## How to interpret inferential statistics when your data aren’t a random sample

I’m having a bit of a ‘crisis’ of confidence regarding inferential statistics. I’ve been reading some of the work by Stephen Gorard (e.g. “Against Inferential Statistics”) and David Freedman and Richard Berk (e.g. “Statistical Assumptions as empirical commitments”). These authors appear to be saying this:

(1) Inferential statistics assume random sampling

(2) (Virtually) all experimental research (in psychology, for example) uses convenience sampling, not random sampling

(3) Therefore (virtually) all experimental research should have nothing to do with inferential statistics

If a researcher gets a convenience sample (say 100 college students), randomly assigns them to two groups and then uses multiple regression (let’s say) to analyse the results, is that researcher ‘wrong’ to report/use/rely on the p-values that result? [Perhaps the researcher could just use the parameter estimates – based on the convenience sample – and ignore the p values and confidence intervals…?]

Are inferential statistics just (totally) inappropriate for convenience samples?

I would love to hear your views. Perhaps you’ve written a blog post on the matter?

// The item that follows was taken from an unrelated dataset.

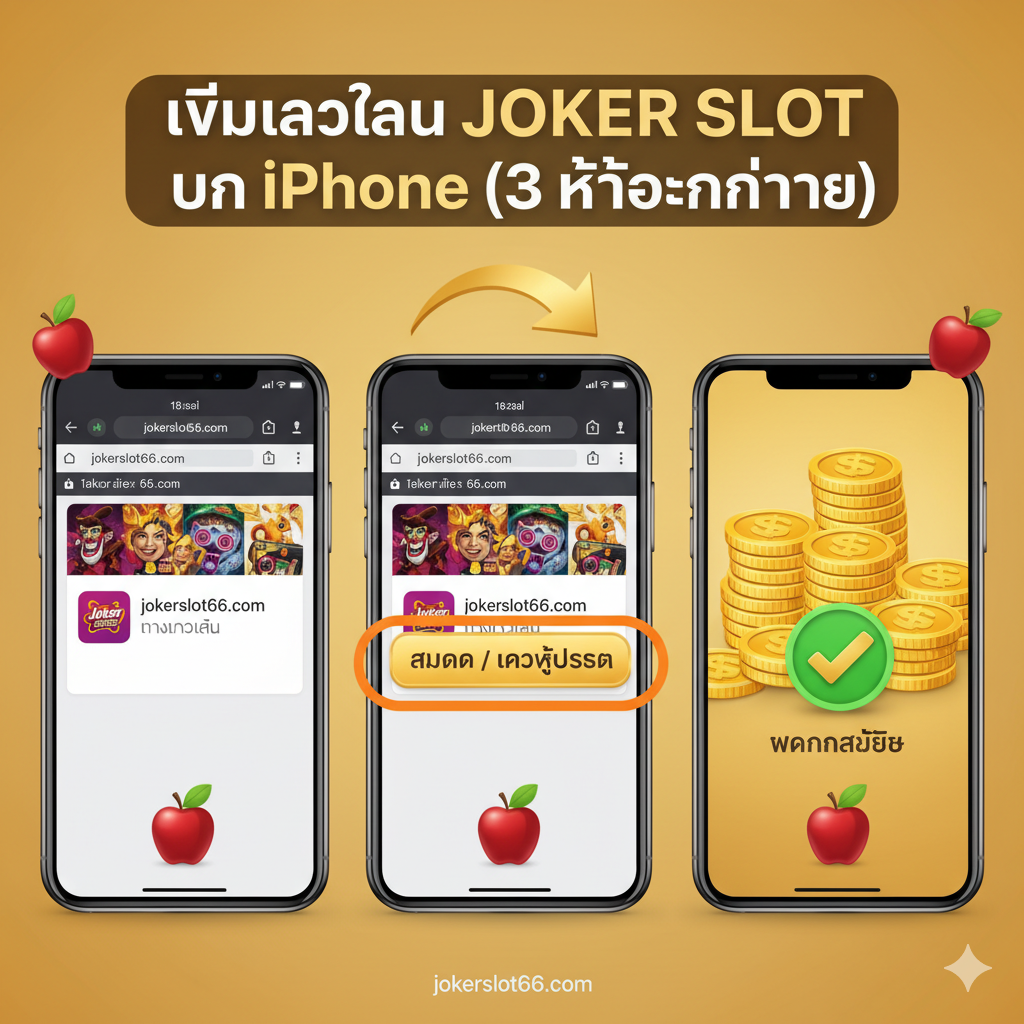 ภาพขั้นตอนการเข้าเล่นสล็อตบนอุปกรณ์ Apple (Tutorial) แสดงภาพมือถือ iPhone ที่กำลังใช้งานอยู่ โดยแบ่งเป็น 3 ส่วนที่เรียงตามลำดับตามแนวนอนหรือแนวตั้ง: 1. ไอคอนเว็บไซต์ jokerslot66.com ในเบราว์เซอร์ Safari 2. ปุ่ม 'สมัคร/เข้าสู่ระบบ' ที่ถูกไฮไลท์ 3. กองเหรียญทองพร้อมสัญลักษณ์ 'ฝากเงินสำเร็จ' ภาพรวมใช้สีโทนอบอุ่นและมีลูกศรนำสายตาจากขั้นตอน 1 ไป 3 เพื่อสื่อถึงความง่ายดายและรวดเร็วในการเริ่มต้นเล่น (ภายใน 3 ขั้นตอน) ควรมีผลแอปเปิ้ลเล็กๆ อยู่ข้างๆ แต่ละขั้นตอนเพื่อเชื่อมโยงกับเนื้อหา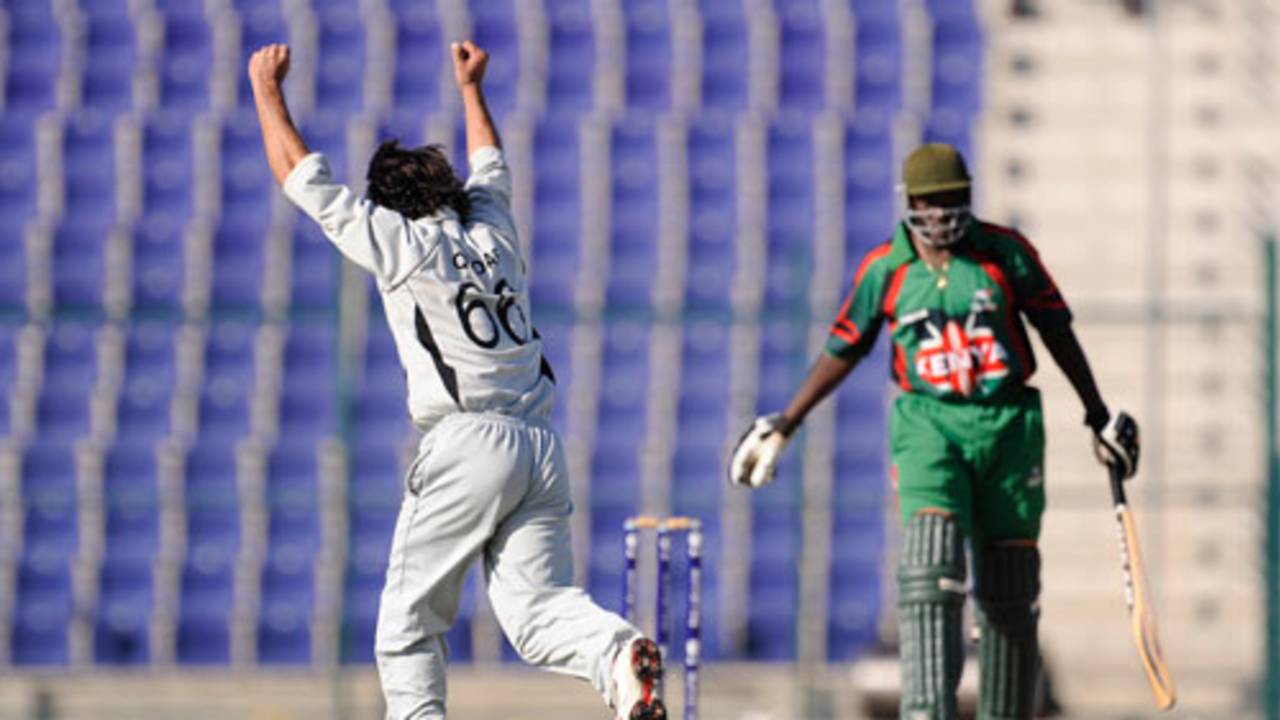 Qadar Nawaz celebrates David Obuya's dismissal, Kenya v UAE, ICC World Twenty20 Qualifiers, February 9, 2010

Yes, this has come up many times! Here are some posts:

How does statistical analysis differ when analyzing the entire population rather than a sample?

Analyzing the entire population rather than a sample

Yes, worry about generalizing from data to population. But multilevel modeling is the solution, not the problem

How do you interpret standard errors from a regression fit to the entire population?

What do statistical p-values mean when the sample = the population?

How do you interpret standard errors from a regression fit to the entire population?

The longer answer is that random sampling is just a model. It doesn’t apply to opinion polls either. But it can be a useful starting point.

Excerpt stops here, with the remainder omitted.